The links been at the top of the OP the entire time. The only thing I did in the edit was add the second half of the article that I didnt notice I didnt highlight in the copy paste.
Fassitude
15-10-2007, 20:03
The links been at the top of the OP the entire time. The only thing I did in the edit was add the second half of the article that I didnt notice I didnt highlight in the copy paste.

That was general advice. Hence the general terms.
Lord Raug
15-10-2007, 20:56
That's an interesting way to get someone else to buy your spirits.
Soviestan
15-10-2007, 21:03
lo siento pero, this story been done before. Although its still funny how advances in medicine include using tactics from the 16th century.
I V Stalin
15-10-2007, 21:23
Huh, I posted this a week ago. Though, IIRC, no one actually replied to my thread. Bastards. ;)
Call to power
15-10-2007, 21:28
Huh, I posted this a week ago. Though, IIRC, no one actually replied to my thread. Bastards. ;)

its not news if you do it yourself :p
Vespertilia
15-10-2007, 21:52
I'm surprised this story isn't from Russia :)

Ahem...

Dr. Pascal Gelperowicz

This surname looks suspiciously Slavonic... Probably a descendant of some Pole or Polish Jew :)
Fassitude
15-10-2007, 22:03
Although its still funny how advances in medicine include using tactics from the 16th century.

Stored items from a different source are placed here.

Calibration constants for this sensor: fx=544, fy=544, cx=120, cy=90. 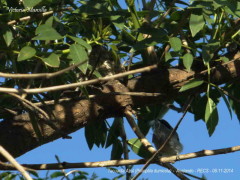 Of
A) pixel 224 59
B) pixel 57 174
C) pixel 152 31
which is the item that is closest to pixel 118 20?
pixel 152 31

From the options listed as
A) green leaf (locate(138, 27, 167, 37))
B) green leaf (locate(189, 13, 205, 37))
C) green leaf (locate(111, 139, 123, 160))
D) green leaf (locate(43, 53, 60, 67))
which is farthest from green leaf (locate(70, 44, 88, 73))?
green leaf (locate(111, 139, 123, 160))

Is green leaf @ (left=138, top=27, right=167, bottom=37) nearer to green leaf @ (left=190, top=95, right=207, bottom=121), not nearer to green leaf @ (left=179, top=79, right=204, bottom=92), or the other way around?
green leaf @ (left=179, top=79, right=204, bottom=92)

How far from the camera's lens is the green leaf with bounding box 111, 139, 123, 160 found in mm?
1525

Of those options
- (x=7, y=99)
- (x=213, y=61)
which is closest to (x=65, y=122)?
(x=7, y=99)

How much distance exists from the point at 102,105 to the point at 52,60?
29 cm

This "tactic" has a very sound biochemical basis. It isn't the ethylene glycol itself that poses the greatest threat to the patient but its metabolites. Ethanol is metabolised using the same pathway, so by administering ethanol to the patient one prevents the breakdown of ethylene glycol into those harmful metabolites and this allows the patient's body enough time to clear it and the metabolites that have already been formed.

There is actually a modern drug called fomepizole which inhibits the same metabolic pathways and that can be used instead of ethanol, but it is much more expensive and less available.